# [Work order]
Write out the lines below once more, exactly as they appear. Do not include pictures.

# [Exercise input]
-=-=-=-=-

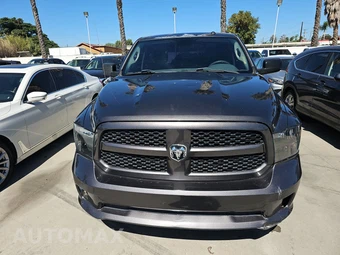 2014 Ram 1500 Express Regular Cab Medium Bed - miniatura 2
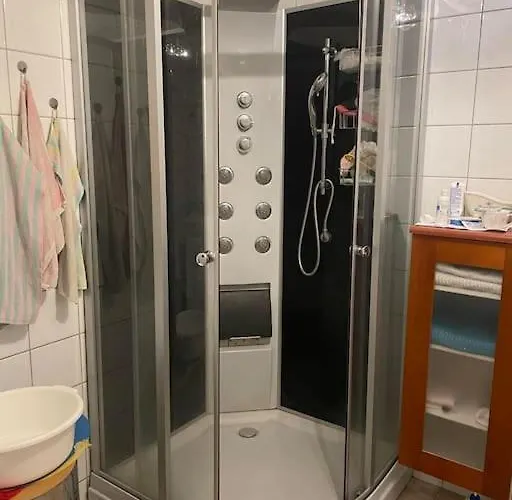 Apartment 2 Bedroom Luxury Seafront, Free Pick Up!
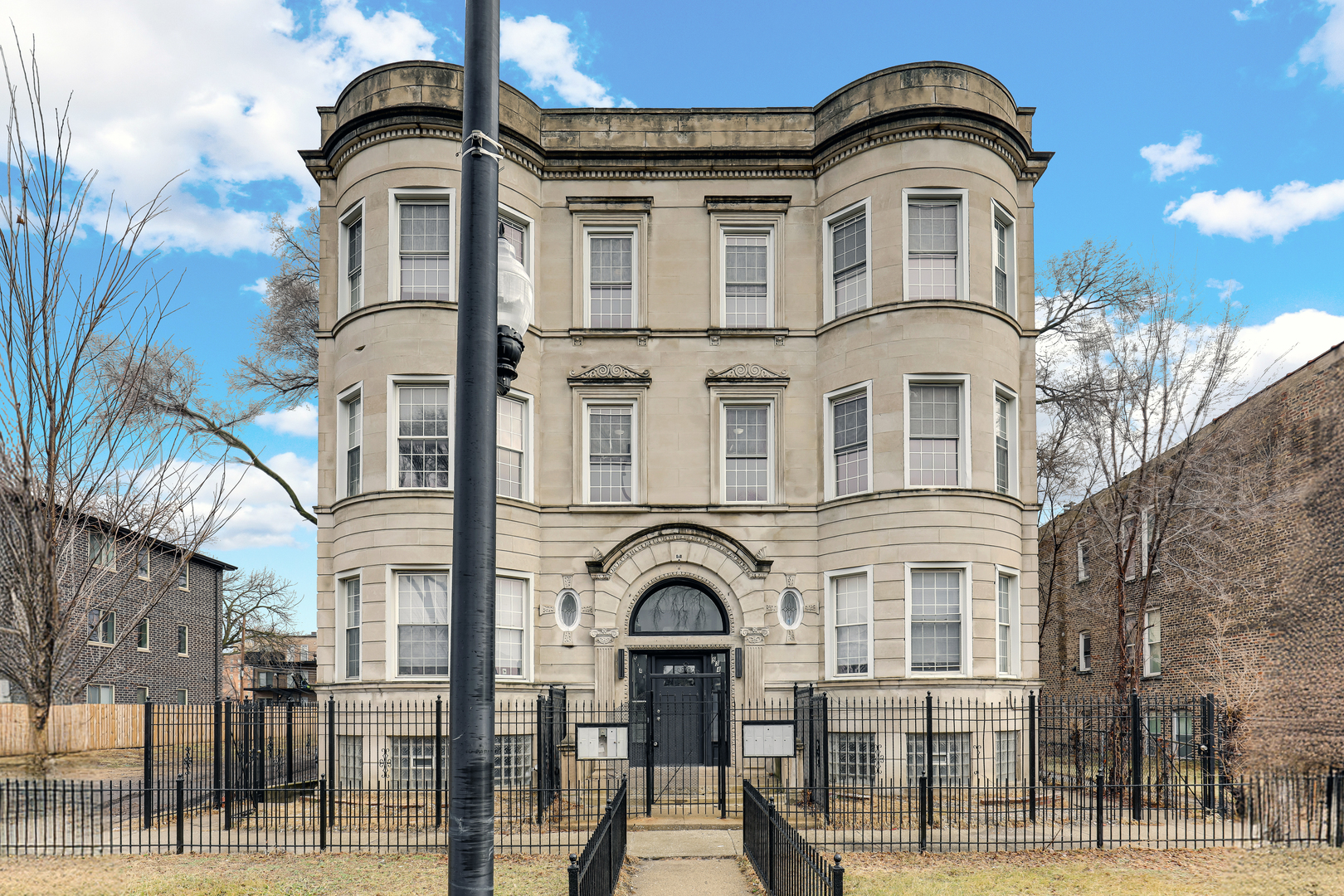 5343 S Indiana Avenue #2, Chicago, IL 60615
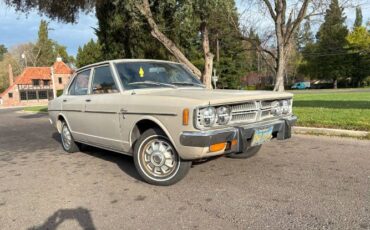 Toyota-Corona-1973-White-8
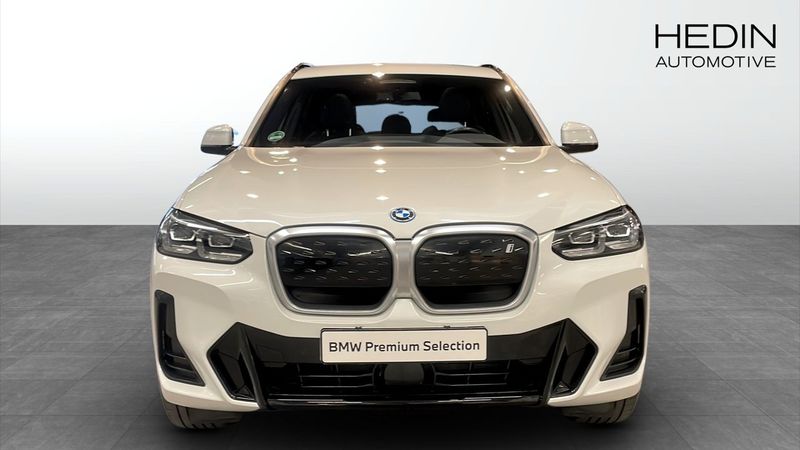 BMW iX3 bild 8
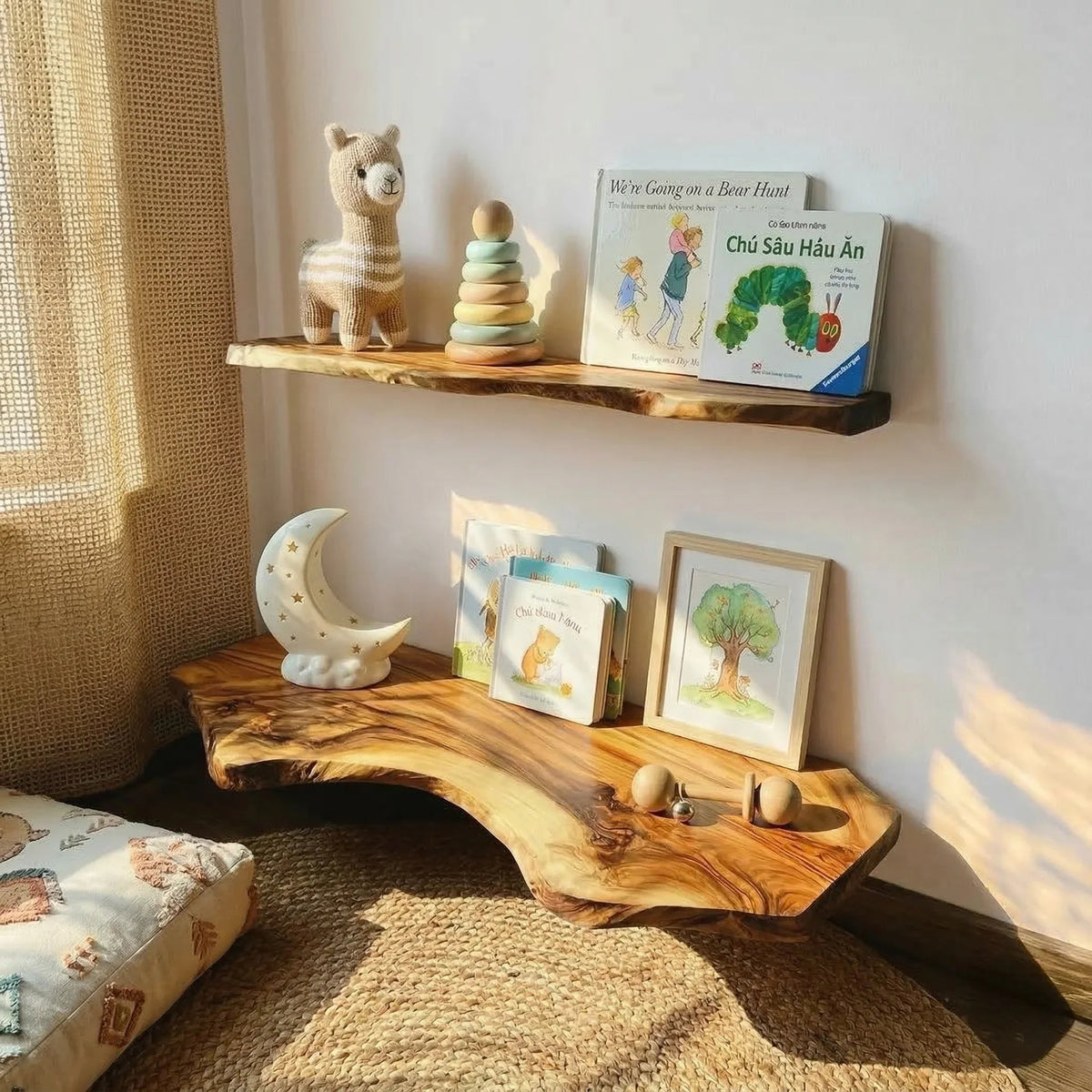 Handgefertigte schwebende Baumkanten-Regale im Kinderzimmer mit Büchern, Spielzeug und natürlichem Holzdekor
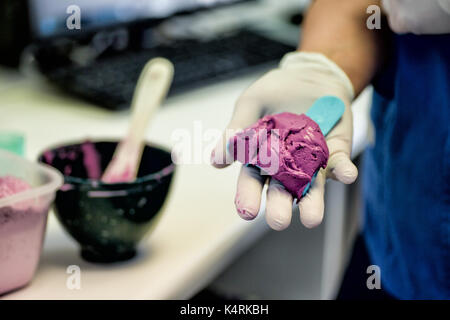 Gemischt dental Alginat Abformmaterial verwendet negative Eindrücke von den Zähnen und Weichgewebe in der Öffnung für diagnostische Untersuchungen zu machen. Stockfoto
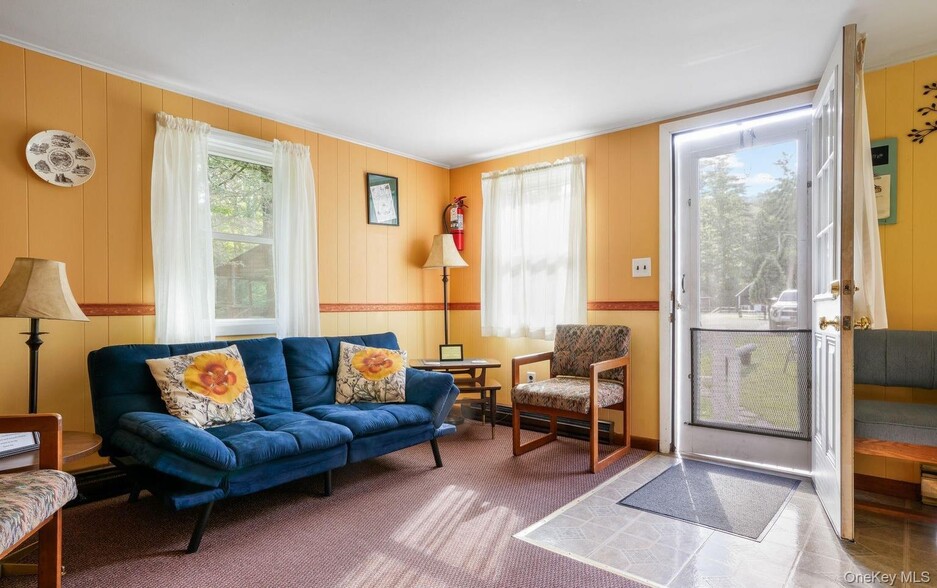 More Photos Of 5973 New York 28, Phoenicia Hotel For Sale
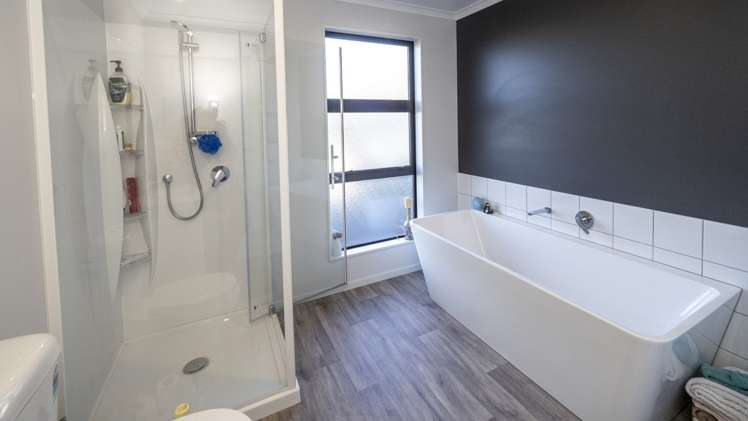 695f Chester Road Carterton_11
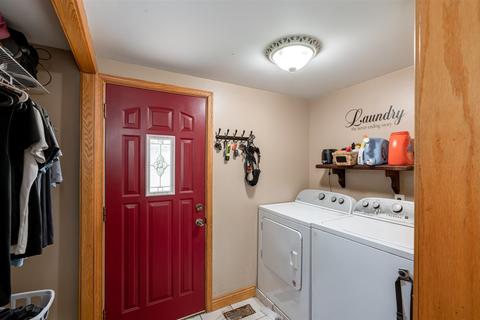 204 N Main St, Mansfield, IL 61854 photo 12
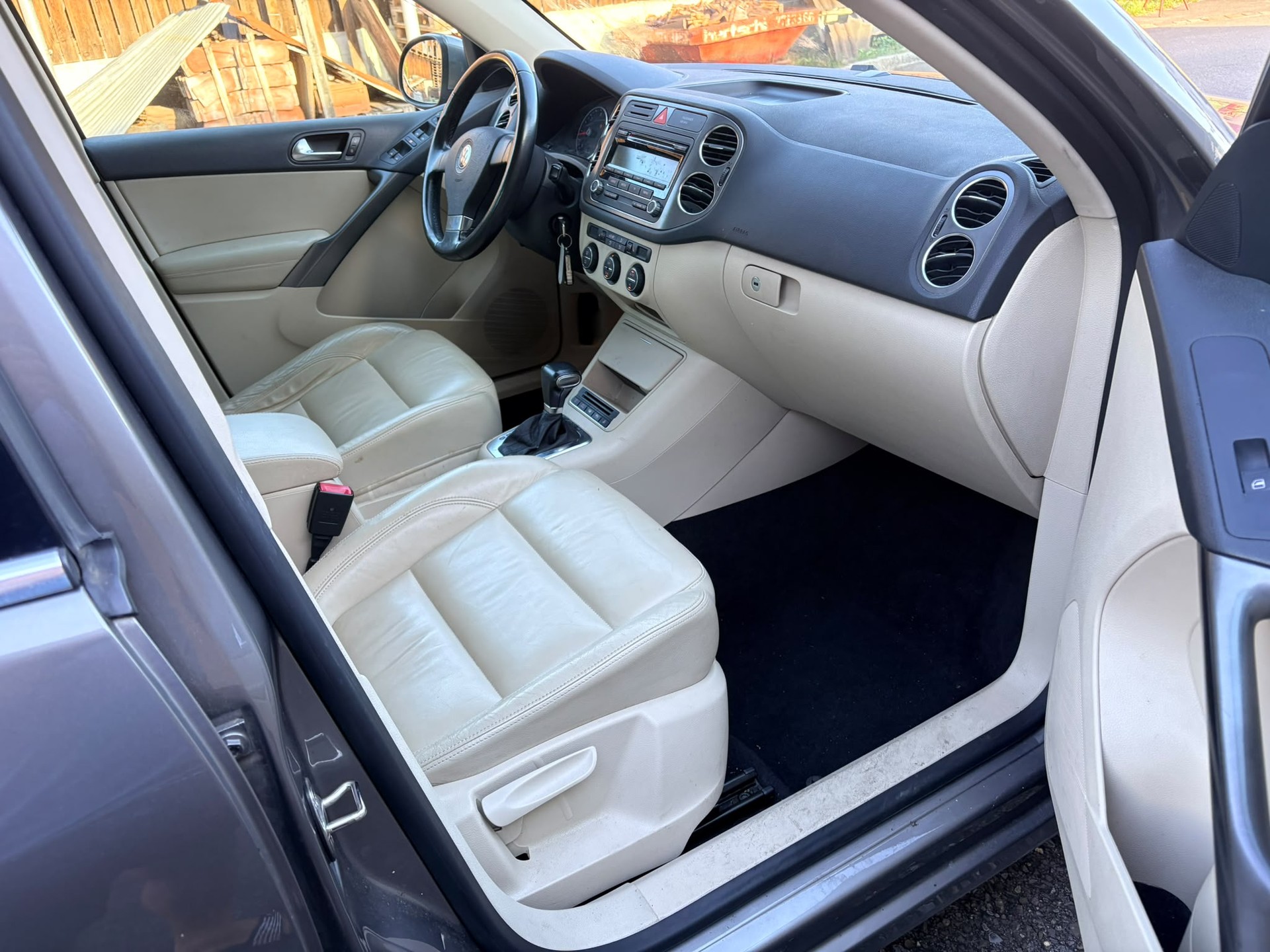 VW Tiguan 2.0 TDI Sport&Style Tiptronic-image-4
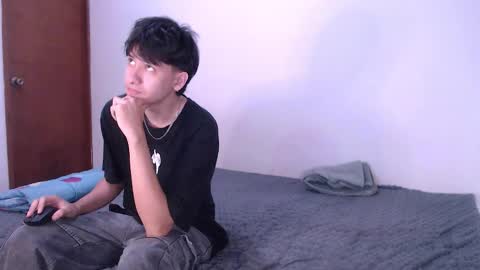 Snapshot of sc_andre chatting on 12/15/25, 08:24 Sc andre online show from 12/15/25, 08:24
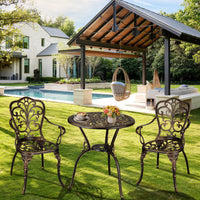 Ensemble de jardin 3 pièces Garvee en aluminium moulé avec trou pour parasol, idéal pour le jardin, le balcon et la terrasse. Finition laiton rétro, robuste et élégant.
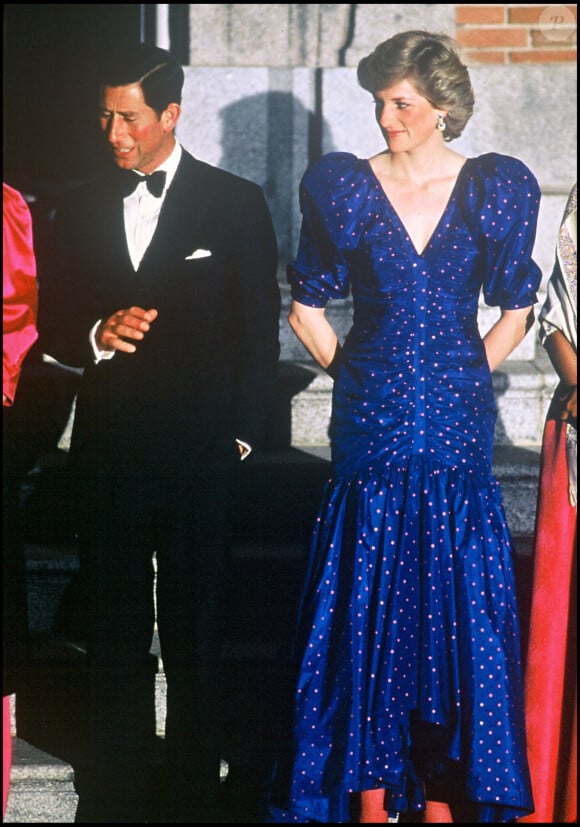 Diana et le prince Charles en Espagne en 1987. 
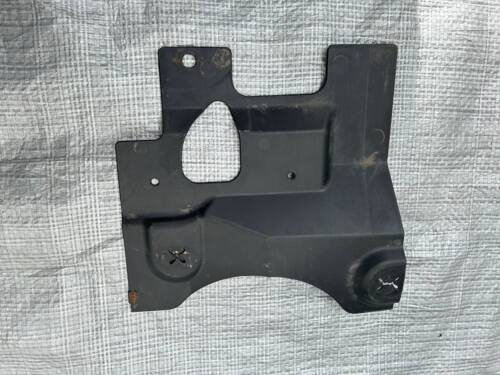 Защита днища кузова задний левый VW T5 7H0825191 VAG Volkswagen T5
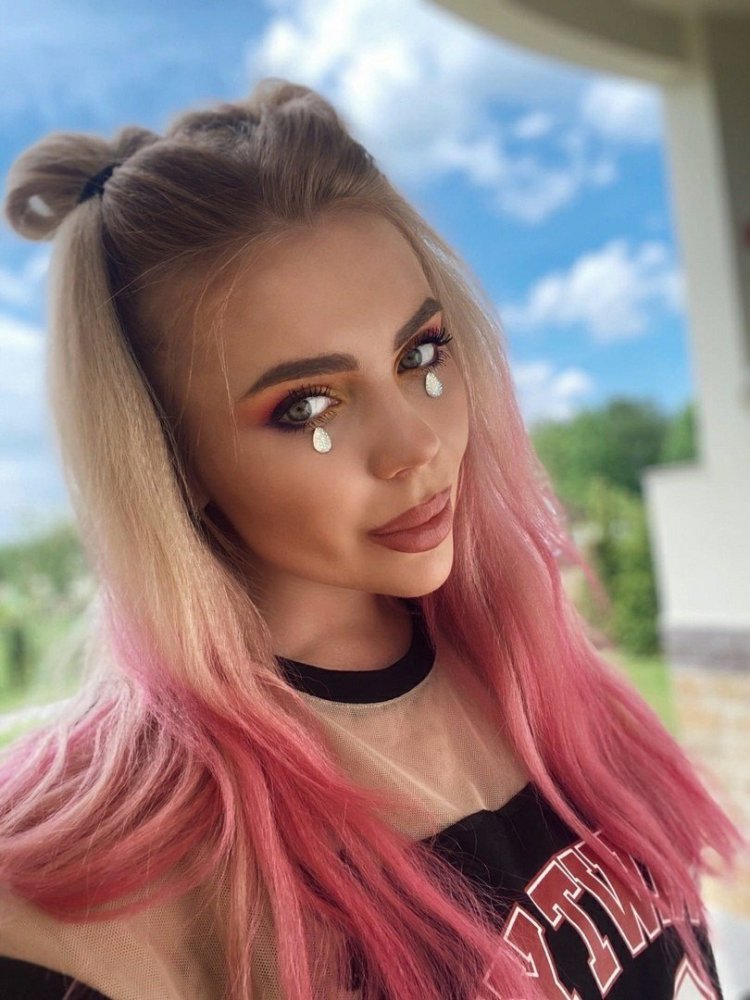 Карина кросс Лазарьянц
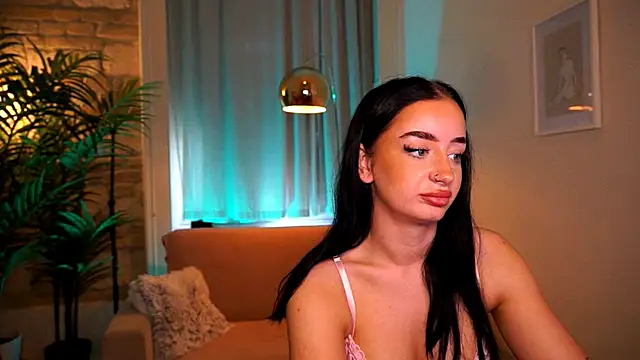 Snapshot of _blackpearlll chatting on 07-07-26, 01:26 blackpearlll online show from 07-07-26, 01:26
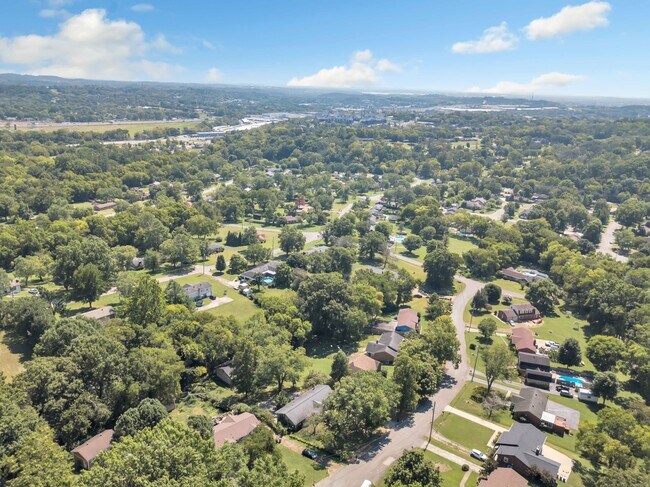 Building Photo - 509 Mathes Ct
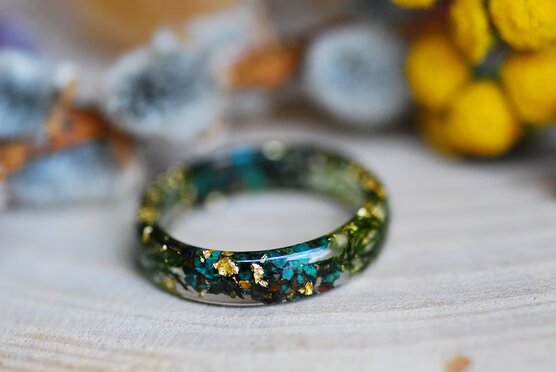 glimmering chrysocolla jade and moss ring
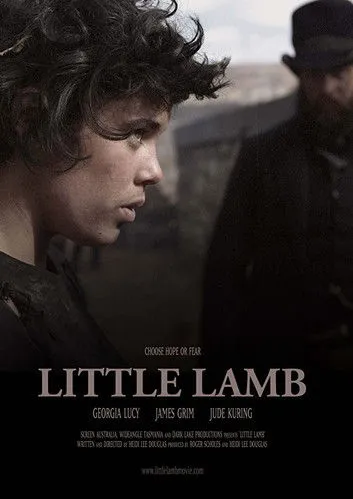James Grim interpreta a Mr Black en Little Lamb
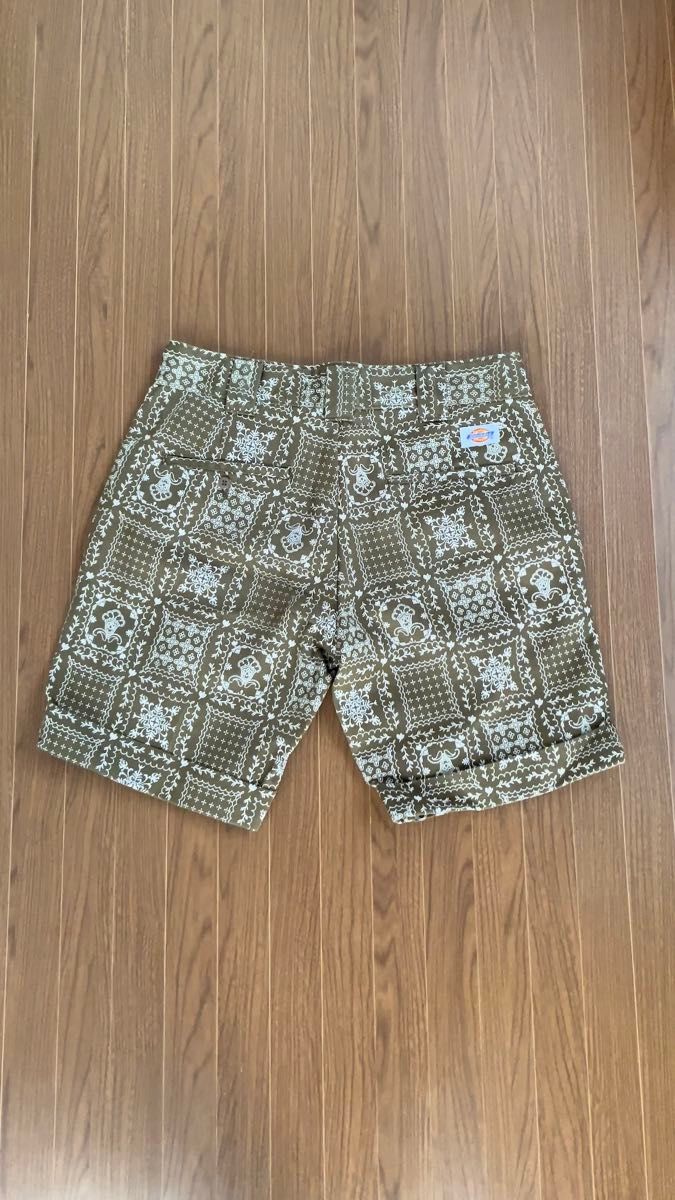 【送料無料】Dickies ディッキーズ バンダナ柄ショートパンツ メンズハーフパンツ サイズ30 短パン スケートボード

-=-=-=-=-

# [Written solution]
 2014 Ram 1500 Express Regular Cab Medium Bed - miniatura 2
 Apartment 2 Bedroom Luxury Seafront, Free Pick Up!
 5343 S Indiana Avenue #2, Chicago, IL 60615
 Toyota-Corona-1973-White-8
 BMW iX3 bild 8
 Handgefertigte schwebende Baumkanten-Regale im Kinderzimmer mit Büchern, Spielzeug und natürlichem Holzdekor
 Gemischt dental Alginat Abformmaterial verwendet negative Eindrücke von den Zähnen und Weichgewebe in der Öffnung für diagnostische Untersuchungen zu machen. Stockfoto
 More Photos Of 5973 New York 28, Phoenicia Hotel For Sale
 695f Chester Road Carterton_11
 204 N Main St, Mansfield, IL 61854 photo 12
 VW Tiguan 2.0 TDI Sport&Style Tiptronic-image-4
 Snapshot of sc_andre chatting on 12/15/25, 08:24 Sc andre online show from 12/15/25, 08:24
 Ensemble de jardin 3 pièces Garvee en aluminium moulé avec trou pour parasol, idéal pour le jardin, le balcon et la terrasse. Finition laiton rétro, robuste et élégant.
 Diana et le prince Charles en Espagne en 1987. 
 Защита днища кузова задний левый VW T5 7H0825191 VAG Volkswagen T5
 Карина кросс Лазарьянц
 Snapshot of _blackpearlll chatting on 07-07-26, 01:26 blackpearlll online show from 07-07-26, 01:26
 Building Photo - 509 Mathes Ct
 glimmering chrysocolla jade and moss ring
James Grim interpreta a Mr Black en Little Lamb
 【送料無料】Dickies ディッキーズ バンダナ柄ショートパンツ メンズハーフパンツ サイズ30 短パン スケートボード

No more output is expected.